Oeil de la Providence, crédit Naïs Ollivier

En réalité, ce qui est regroupé sous le terme « witch marks » ne sont rien d’autre que des graffitis médiévaux et post médiévaux. Ces symboles intrigants, regroupés par familles, sont explicités par des hypothèses assez larges.

Le motif de rosette à 6 pétales par exemple est un des plus fréquemment rencontrés au cours des regroupements. Ce dessin exécuté au compas, avant d’être gravé la plupart du temps, a encore la côte parmi les plus jeunes qui s’ennuient en cours (hum). Il nous est familier, cependant on lui attribue plutôt à l’époque des vertus apotropaïques/de protection, un signe qui repousserait le démon, un peu comme une alternative païenne à la croix.

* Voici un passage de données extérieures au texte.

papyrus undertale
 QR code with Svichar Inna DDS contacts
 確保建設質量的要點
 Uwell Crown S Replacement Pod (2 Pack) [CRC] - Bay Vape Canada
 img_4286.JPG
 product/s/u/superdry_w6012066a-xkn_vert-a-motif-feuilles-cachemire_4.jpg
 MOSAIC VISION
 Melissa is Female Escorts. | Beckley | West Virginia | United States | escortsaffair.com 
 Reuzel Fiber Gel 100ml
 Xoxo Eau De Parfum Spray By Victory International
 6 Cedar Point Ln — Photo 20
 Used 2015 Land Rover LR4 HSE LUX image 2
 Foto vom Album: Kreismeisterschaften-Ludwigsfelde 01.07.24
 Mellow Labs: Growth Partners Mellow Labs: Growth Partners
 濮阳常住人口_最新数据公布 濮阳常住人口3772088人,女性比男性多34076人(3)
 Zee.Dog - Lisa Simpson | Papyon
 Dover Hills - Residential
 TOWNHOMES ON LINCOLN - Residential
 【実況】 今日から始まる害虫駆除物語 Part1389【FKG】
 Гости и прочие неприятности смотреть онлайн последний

« Witch mark ». Crédit @Historic England

Certains sont sûrement sceptiques sur la tolérance de ces marques, à forte charge spirituelle, en contexte chrétien. En effet ce sont majoritairement – ironiquement- des murs d’églises qui accueillent ces motifs, présents par dizaines. Et pour cause, certains pensent qu’ils redoublent les protections chrétiennes. Une fois la peur de la sorcellerie estompée : ces graffitis sont considérés comme apportant chance et protection, et autonomes. Selon l’état des recherches, on les retrouve plus en contexte domestique à partir de la fin du Moyen Âge : sur des coffrets, occasionnellement, et près des ouvertures (fenêtres, cheminées), jugées plus vulnérables.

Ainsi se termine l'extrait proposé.